After generating more than 1.5 billion pieces of content last year, Wordsmith’s prowess for generating human sounding narrative at scale is recognized around the world. While the sheer quantity and quality of the Wordsmith’s content is awe-inspiring, it’s Wordsmith’s unique ability to instantly process and manipulate countless rows and columns of complex data that makes us the most proud. Because at the end of the day, it’s the data that ultimately drives those billions of narratives.
So what do you need to know about your data sets before you get started? To help, we’ve answered some of the most common questions we’ve received over the years.
And if you find that we didn’t answer all of your data questions, or you don’t have the resources to get your data into the right format, our Managed Services team can work with you to structure the data in a way that Wordsmith can utilize.
What are Wordsmith’s data requirements?
Wordsmith requires your data set to be in both a structured and flat JSON or CSV format.
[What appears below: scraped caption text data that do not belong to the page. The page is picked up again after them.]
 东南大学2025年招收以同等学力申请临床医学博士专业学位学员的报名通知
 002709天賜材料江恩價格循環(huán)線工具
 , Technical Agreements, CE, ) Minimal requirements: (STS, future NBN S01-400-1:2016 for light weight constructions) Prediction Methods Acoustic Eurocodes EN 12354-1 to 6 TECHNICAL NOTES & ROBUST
What does that mean?
Most commonly, structured data can be found in a spreadsheet (e.g. CSV or Excel file) or a relational database. It has a defined structure where specific values are categorized into distinct sets.
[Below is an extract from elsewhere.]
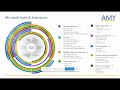 Microsoft Dynamics 365 Business central webinar with Amy Tech and Redington - 10 September 2020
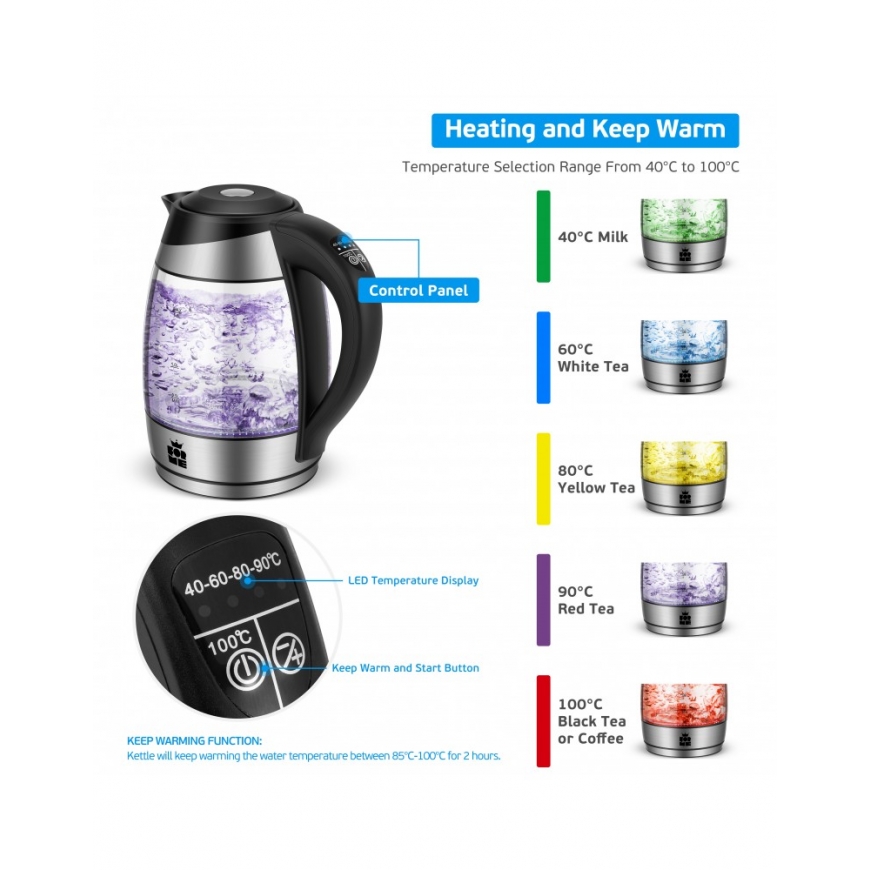 ForMe FKG-458 Cordless Electric Kettle 1,8 L – 2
In addition to structured data, Wordsmith also requires that your data sets be flat. Flat data refers to data objects within a database or spreadsheet that have all corresponding data contained within a single row versus being nested or spread over multiple rows. Essentially, each row will be its own unique story and all of the data required for that story is contained in that single row.
Are There Size Limitations?
As a general rule, the more data is better. Since every word that Wordsmith generates is based on data, more data allows Wordsmith to compose with a greater sophistication. However, within a single project, Wordsmith limits the amount of key value pairs to 998 columns.
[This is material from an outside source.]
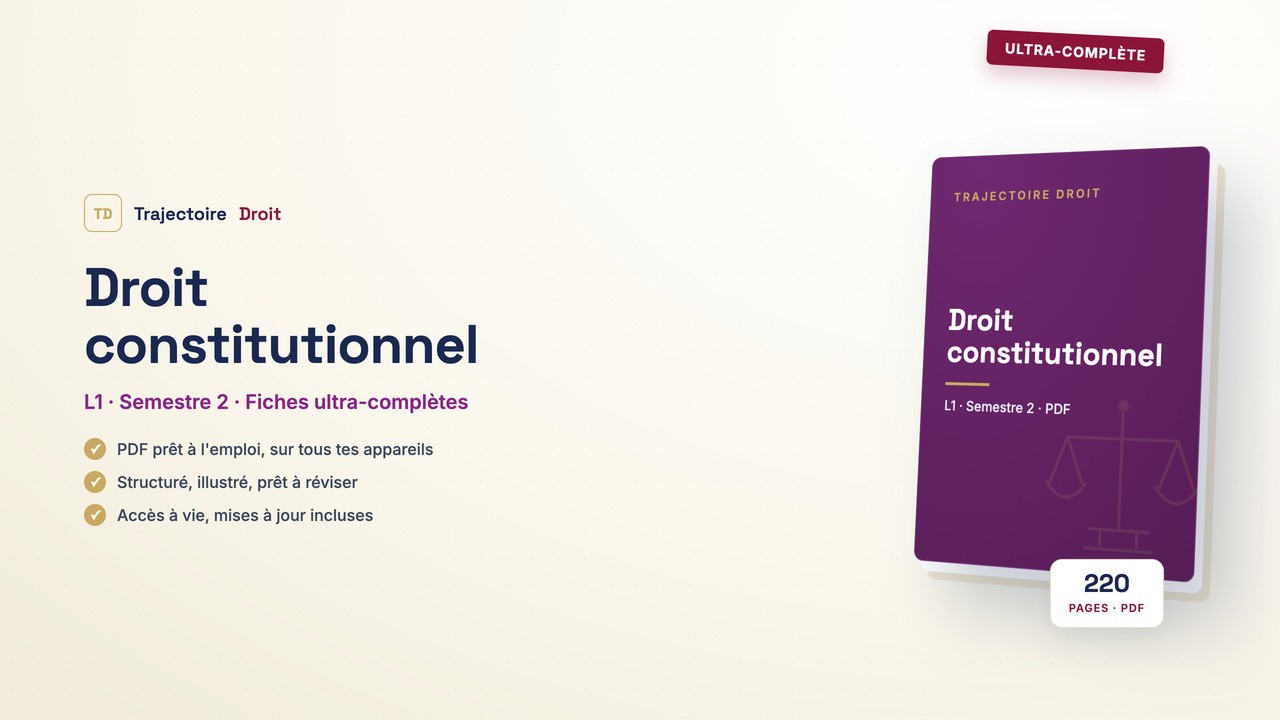 Droit constitutionnel, fiche ultra-complète, couverture Trajectoire Droit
Does Wordsmith require historical data?
Historical data often improves Wordsmith’s output, but it is not required to for Wordsmith to tell a story. For example, our automated stories for the Associated Press compare current stock prices with historical prices:
United States Steel shares have decreased $1.83, or 6.2 percent, to $27.67 since the beginning of the year, while the Standard & Poor’s 500 index has increased 6.6 percent. However, the stock has risen $9.96, or 56 percent, in the last 12 months.
Can Wordsmith leverage multiple data sources?
If the multiple structured data sources can be aggregated into a single flattened source, that one source can be fed into Wordsmith to improve its insights. For example, Wordsmith can use real estate inventory data alongside data about local schools and restaurants to compose a richer narrative for potential homebuyers.